Following Rogers’ death Friday at 81, Schlitz said, by email, “The best any songwriter could hope for was to have Kenny Rogers sing one of your songs. He was very kind to me—and he was very kind to my songs. He loved them to the world, and I am forever grateful.”

Like Rogers, pop, country and Christian music star B.J. Thomas grew up in Houston.

“Kenny and I were friends from the early ’60s when he was with the Bobby Doyle Trio, and I toured with him in the ’80s,” Thomas recalled via Facebook message. “He really was one of the all-time greatest recording artists, whose records were always great songs recorded with the best producers. And he was a generous guy, with a charming way about him--just a really cool guy. I thought a lot of him and will miss him very much.”

In 2010, Rogers, who was inducted into the Country Music Hall of Fame three years later, received the American Eagle Award from the National Music Council in recognition of his distinguished service to American music, and his career-long dedication to helping young singers and songwriters and charitable causes. One of those causes was WhyHunger, which was co-founded by Bill Ayres and late Harry Chapin.

Ironically, it was the day in 1981 that Chapin tragically died in a car crash that Rogers agreed to fund the World Hunger Media Award to honor print and electronic media for outstanding coverage positively impacting hunger, poverty and self-reliance. Presenting Rogers’ American Eagle Award, Ayres noted that WhyHunger was in grave danger of going under when Rogers stepped in to save it.

“Because of Kenny, the organization survived,” said Ayres. “He didn’t give up after Harry died, and funded it for years after--and it was because of Kenny’s support, and then others coming in, that we survived and thrived.”

Accepting the award, Rogers said that he’d been blessed by having “an alcoholic father with a great sense of humor,” and a mother who had only a third-grade education but gave him both a sense of values and an appreciation for music. He cited his involvement with Chapin in expressing his gratitude for the chance of meeting and spending time with “the great people in the music business.”

Chapin’s singer-songwriter daughter Jen Chapin concluded the presentation by singing one of Rogers’ great story songs, “Lucille.” On Twitter Saturday, two of Rogers’ biggest collaborators remembered him lovingly.

“Today I lost one of my closest friends,” posted Lionel Richie. “So much laughter, so many adventures to remember. My heart is broken.”

Tweeted Dolly Parton: “You never know how much you love somebody until they’re gone. I’ve had so many wonderful years and wonderful times with my friend Kenny, but above all the music and the success I loved him as a wonderful man and a true friend.”

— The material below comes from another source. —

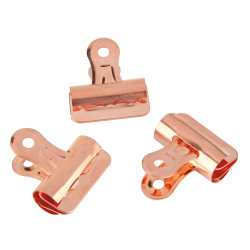 Office Depot® Brand Electroplating Bulldog Clips, 1 1/4", 140-Sheet Capacity, Rose Gold, Pack Of 6 Clips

Huge hits aside, Alexander selects as his Kenny Rogers favorite a song that appeared on his 1996 Christmas album The Gift and was a country duet hit by him and Wynonna Judd, “Mary, Did You Know?” Now a seasonal standard, it was written by Southern gospel greats Mark Lowry and Buddy Greene.

“It defines the finest attributes of Rogers’ music,” says Alexander. “It contains elements of country, pop, folk and gospel--just like Rogers himself. He really will be missed on so many levels.”

Adds Thomas: “Of course his music will live on--and we can be thankful for that. I was always proud to be his friend.”